History
- Name: Arcoona (1924-1925); Arkaba (1925-1954); William Charlick IV (1954-1959);
- Namesake: Arkaba - Aboriginal word for underground waters
- Owner: Adelaide Steamship Company, Sydney (1924-1952); William Charlick Ltd, Hong Kong (1953-1957); Indian & Pacific Ocean Merchants, Rabaul (1957-1959);
- Builder: William Beardmore & Company, Dalmuir, Scotland
- Yard number: 630
- Launched: 6 March 1924
- Fate: Scrapped at Hong Kong in 1959.

General characteristics
- Type: Cargo ship
- Tonnage: 4,214 GRT, 2,593 NRT
- Length: 341.6 feet (104.1 m)
- Beam: 47.2 feet (14.4 m)
- Draught: 30.3 feet (9.2 m)
- Propulsion: Triple expansion engine

= SS Arkaba =

SS Arkaba was a 4,214 gross register ton cargo vessel built by William Beardmore & Company, Dalmuir, Scotland for the Adelaide Steamship Company as Arcoona. She was renamed Arkaba in 1925. She was requisitioned by the Royal Australian Navy during World War II between 26 August and 31 October 1940, as a coal and stores carrier.
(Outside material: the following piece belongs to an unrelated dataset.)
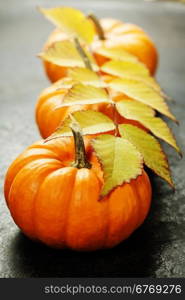 Studio shot of a nice ornamental pumpkins with fall leaves on dark rustic background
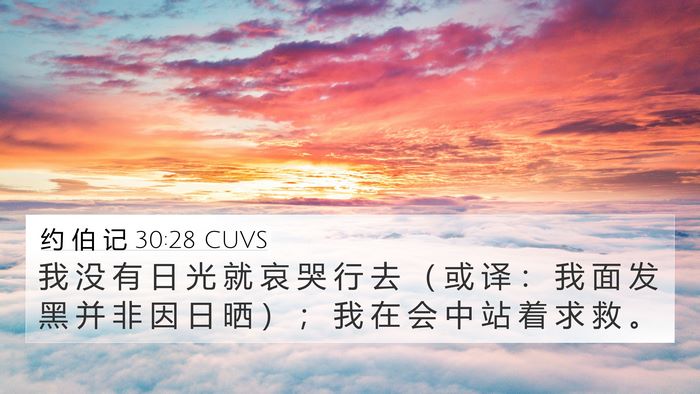 约 伯 记 30:28 CUVS Bible Verse Image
She became stranded on a reef on 19 February 1952 off Port Lincoln, South Australia. She was sold and during being towed to Hong Kong, broke her towline in huge seas and floated at the mercy of the waves and current, until reattached to a tugboat. Refitted in Hong Kong and sold in 1954 to William Charlick Ltd, Hong Kong and renamed William Charlick IV, before being sold to Indian & Pacific Ocean Merchants, Rabaul in 1957.

==Fate==
She was scrapped in Hong Kong in 1959.